• PROBLEM STATEMENT
Repeat the data word for word and skip the pictures.

• DATA FOR ANALYSIS
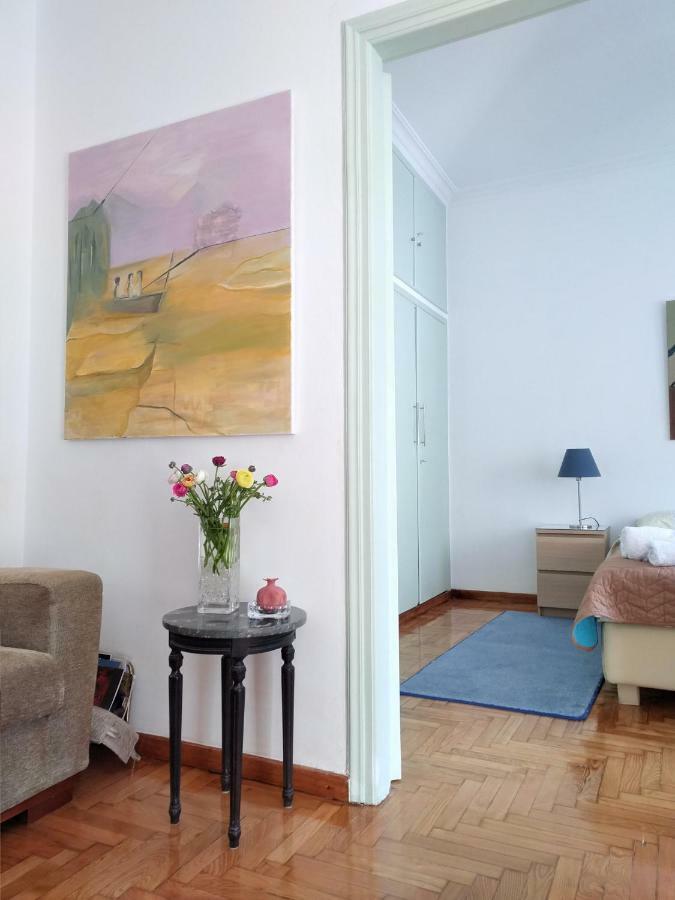Elia Cosy Apartment In The Heart Of Athens Plaka Exteriér fotografie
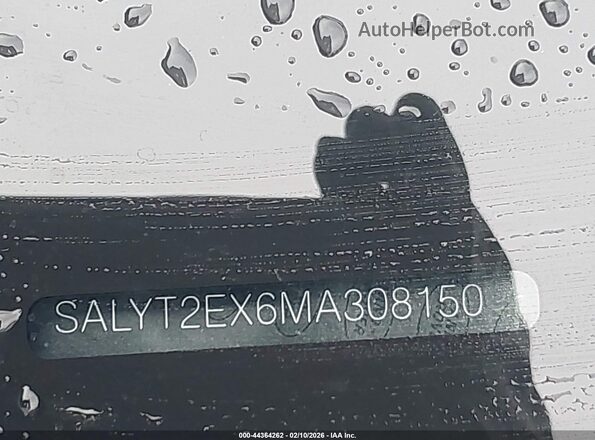 SALYT2EX6MA308150 2021 LAND ROVER RANGE ROVER VELAR Blue Շարժիչի բաժամունքի տեսք
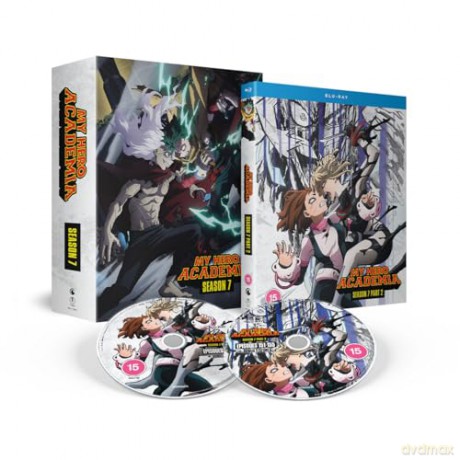 My Hero Academia - Season 7 Part 2 (Akademia bohaterów) [2xBlu-Ray]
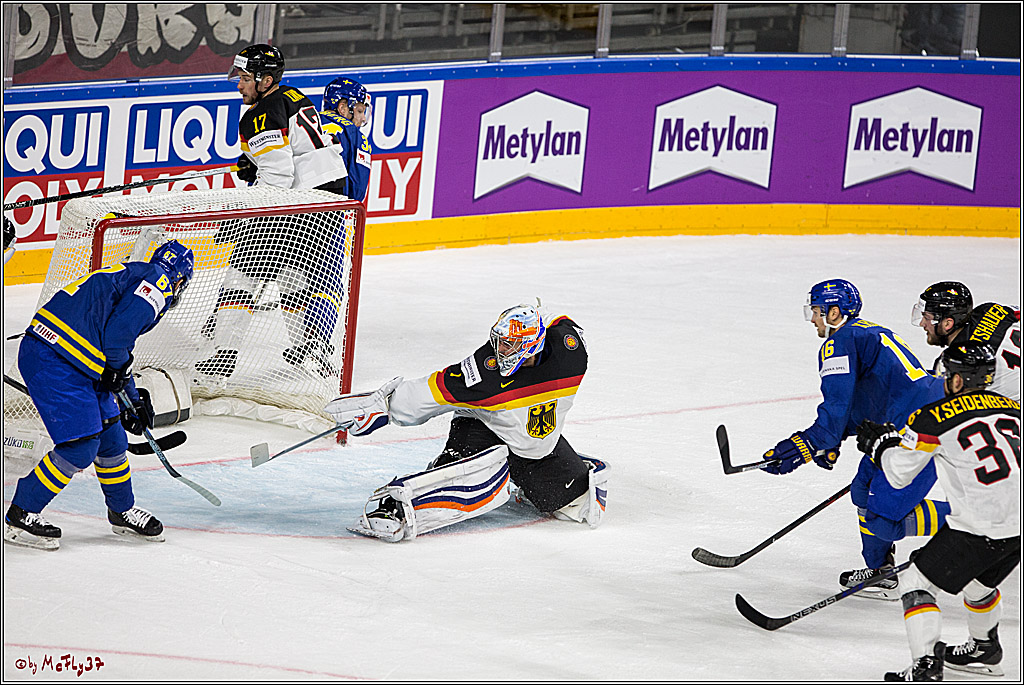 IIHF WM 2017, Deutschland - Schweden, 06.05.2017
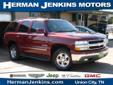 Â .
Â 
2003 Chevrolet Tahoe LT
$6952
Call (731) 503-4723
Herman Jenkins
(731) 503-4723
2030 W Reelfoot Ave,
Union City, TN 38261
Although high mileage, this vehicle still has life left and ready for your test drive. Like this vehicle? Shoot Tony an email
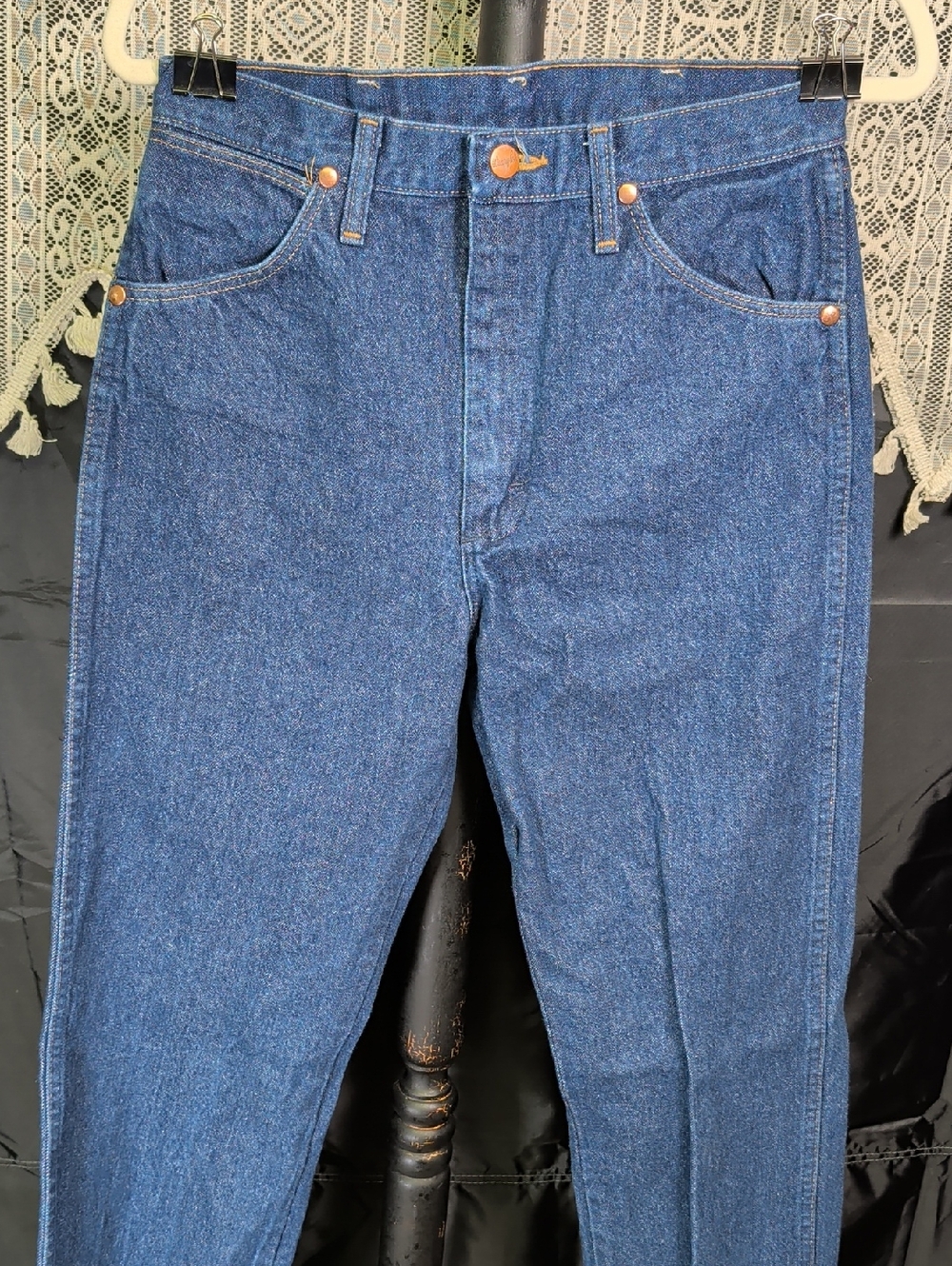 Wrangler Jeans Cowboy Western Denim 30 X 40 Mens Ranch Wear - Picture 4 of 10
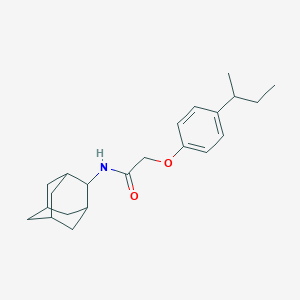 N-2-adamantyl-2-(4-sec-butylphenoxy)acetamide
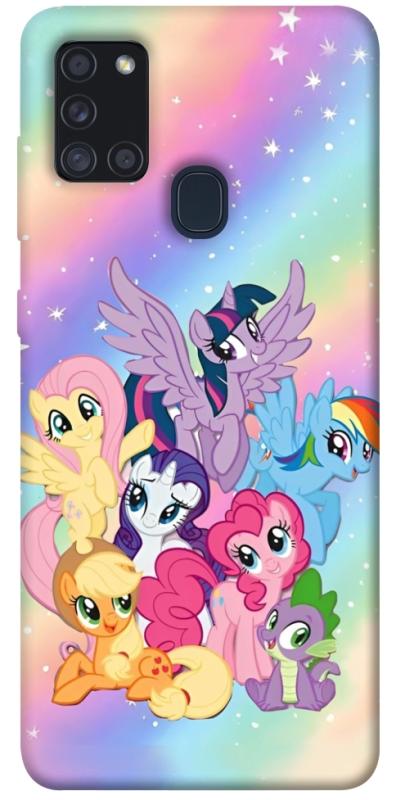 Чохол itsPrint Little pony для Samsung Galaxy A21s, дитячі, купити оптом з доставкою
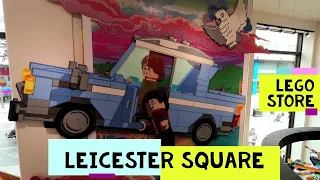 Lego Store Leicester Square | London Lego Store | Lots Of Sets And Models | Lego Store Tour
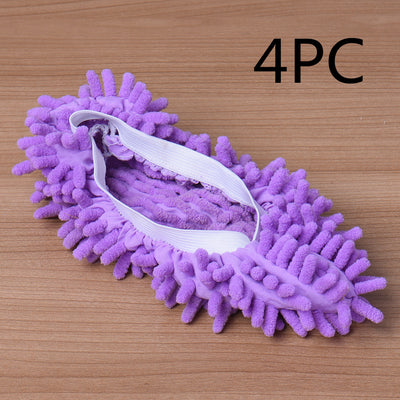 Set de 2 Pantuflas Limpieza Microfibra - Mopa Zapatos Multiusos - Image 18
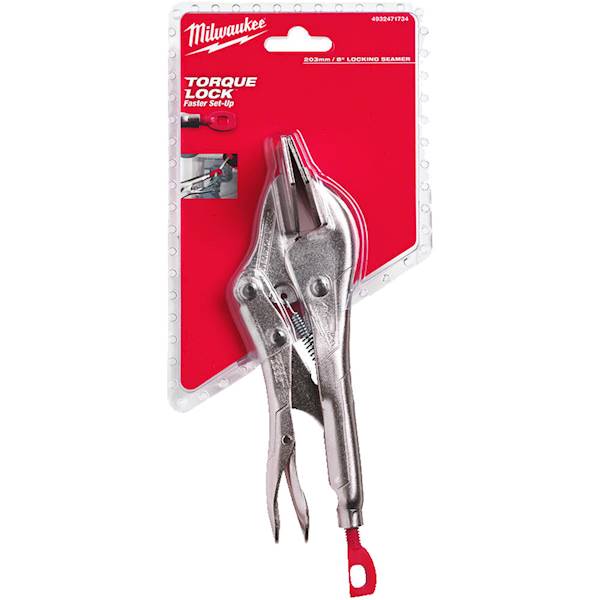 Szczypce zaciskowe do blach MORSE'A Milwaukee 8cm - 4932471734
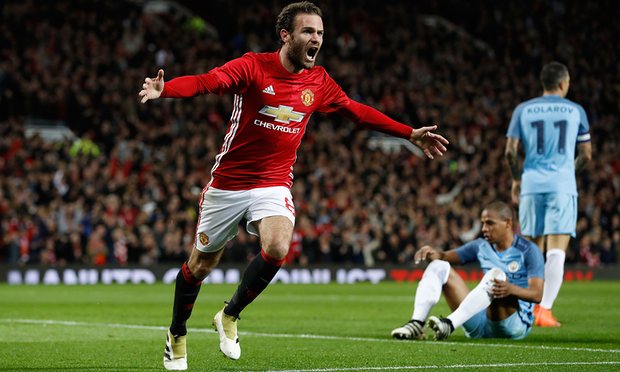 Juan Mata tỏa sáng, Mourinho 'rửa hận' thành công trước Pep Guardiola tại Old Trafford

• ANSWER BELOW
Elia Cosy Apartment In The Heart Of Athens Plaka Exteriér fotografie
 SALYT2EX6MA308150 2021 LAND ROVER RANGE ROVER VELAR Blue Շարժիչի բաժամունքի տեսք
 My Hero Academia - Season 7 Part 2 (Akademia bohaterów) [2xBlu-Ray]
 IIHF WM 2017, Deutschland - Schweden, 06.05.2017
 Â .
Â 
2003 Chevrolet Tahoe LT
$6952
Call (731) 503-4723
Herman Jenkins
(731) 503-4723
2030 W Reelfoot Ave,
Union City, TN 38261
Although high mileage, this vehicle still has life left and ready for your test drive. Like this vehicle? Shoot Tony an email
 Wrangler Jeans Cowboy Western Denim 30 X 40 Mens Ranch Wear - Picture 4 of 10
 N-2-adamantyl-2-(4-sec-butylphenoxy)acetamide
 Чохол itsPrint Little pony для Samsung Galaxy A21s, дитячі, купити оптом з доставкою
 Lego Store Leicester Square | London Lego Store | Lots Of Sets And Models | Lego Store Tour
 Set de 2 Pantuflas Limpieza Microfibra - Mopa Zapatos Multiusos - Image 18
 Szczypce zaciskowe do blach MORSE'A Milwaukee 8cm - 4932471734
 Juan Mata tỏa sáng, Mourinho 'rửa hận' thành công trước Pep Guardiola tại Old Trafford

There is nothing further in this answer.